Fig. 3.4. Virtual teleconferencing at ATR Laboratories.
Another way to share 3-dimensional objects is to use video cameras to show them. This differs from traditional video conferencing primarily by pointing the camera in a new direction; rather than showing the speaker, the camera points it at the object being discussed. A prototype from the University of Tokyo (Kuzuoka 1992) implements this idea by having a field worker at a remote location wear a helmet mounted with a small display and small camera. The output from the camera goes to a screen at another location; a person at this location interacts with the screen, and that image is transmitted back to the small head-mounted display. This type of arrangement could be valuable, for example, among field technicians getting advice from office-based experts. Imagine a telephone craftsperson on top of a telephone pole having trouble with forty-year-old parts. She might call a supervisor at the garage who has had more experience. They can both see and point to the equipment on the pole as they trade advice (Fig. 3.5).
Fig. 3.5. SharedView head-mounted camera and display.
The user interface for camera positioning in this early prototype was head movement. The camera followed what the person wearing it was looking at. This reduced the effort that the person controlling the camera had to expend in pointing it. However, there are many conditions under which it would be useful for the remote party to have telecontrol of the camera (e.g., for the remote party to search the periphery, while the person wearing the camera was concentrating on a task). Telecontrol would allow the remote participant in the conversation to have direct control of his or her visual environment. A later iteration, called the GestureCam, provides this teleoperation (Kuzuoka, Kosuge, and Tanaka 1994). The GestureCam is shown in Figure 3.6.
Fig. 3.6. Telecontrol in GestureCam.
If these innovative video-telephony prototypes characterize the Japanese style of CSCW research, they are as instructive for what they reveal about Japan's deficits in this domain as its research strengths. There are substantial subareas of CSCW research where the Japanese have no presence. Consider research on group decision support systems, a CSCW application for structuring group meetings that is common in business schools in North America.
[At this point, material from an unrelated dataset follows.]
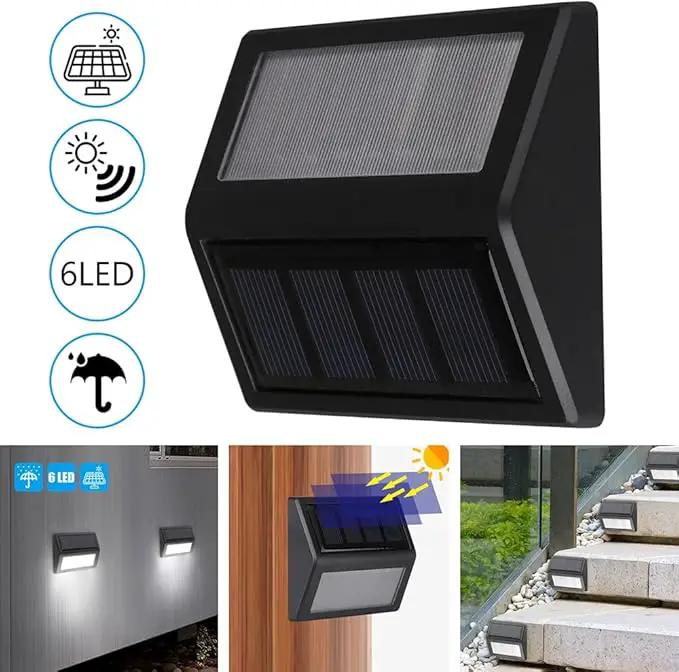 Solar Lights Outdoor, Waterproof Solar Powered Deck Step Lights for Patio Garden Backyard Garage Driveway Pathway Outside Wall Lighting (Cool White/12 Pack) by GreenHaven Gardens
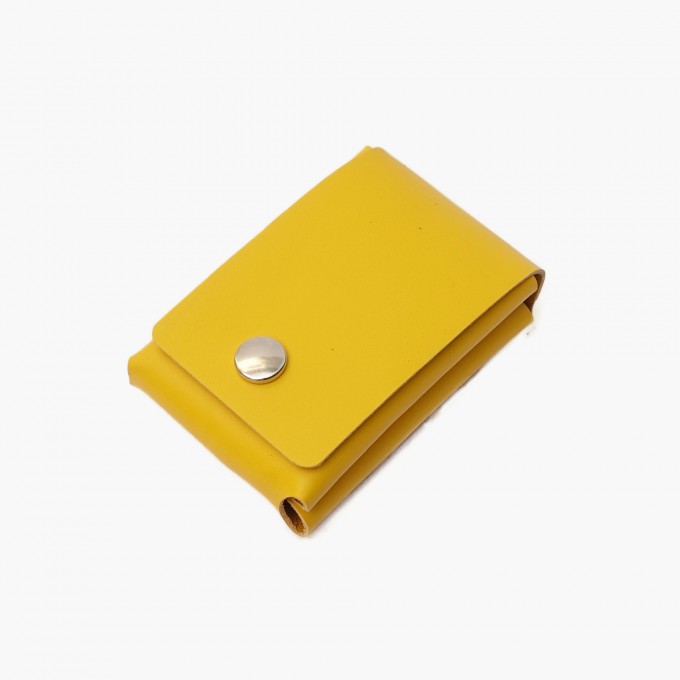 EINFACHDESIGN, Slimwallet, Minigeldbeutel gelb aus pflanzlich gegerbtem Leder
Discussions with Japanese researchers and reading of annual reports from Japanese firms show that Japanese are using group decision support systems as part of their business practices, especially in software development (e.g., Fig. 3.7). However, the JTEC panel uncovered no Japanese research programs to improve the state of the art in this domain.
Fig. 3.7. Use of a group decision support facility at NTT.
A bigger lack is in basic research on human communication processes that provides the theoretical understanding on which applied research projects are grounded. In the United States, for example, work by Herbert Clark and his students (Clark 1992) attempts to articulate the rules that people use to coordinate conversation. This research has been highly influential in providing design guidelines to determine when different communication modalities will be useful (e.g., Clark and Brennan 1991) and in understanding the failures of new communication systems to improve communication (e.g., Whittaker and O'Conaill 1995). Our impression of Japanese research, in contrast, is that Japan's communication scholars are not in the forefront of the discipline, and that prototype development is relatively uninfluenced by communications theory from either Japan or the West.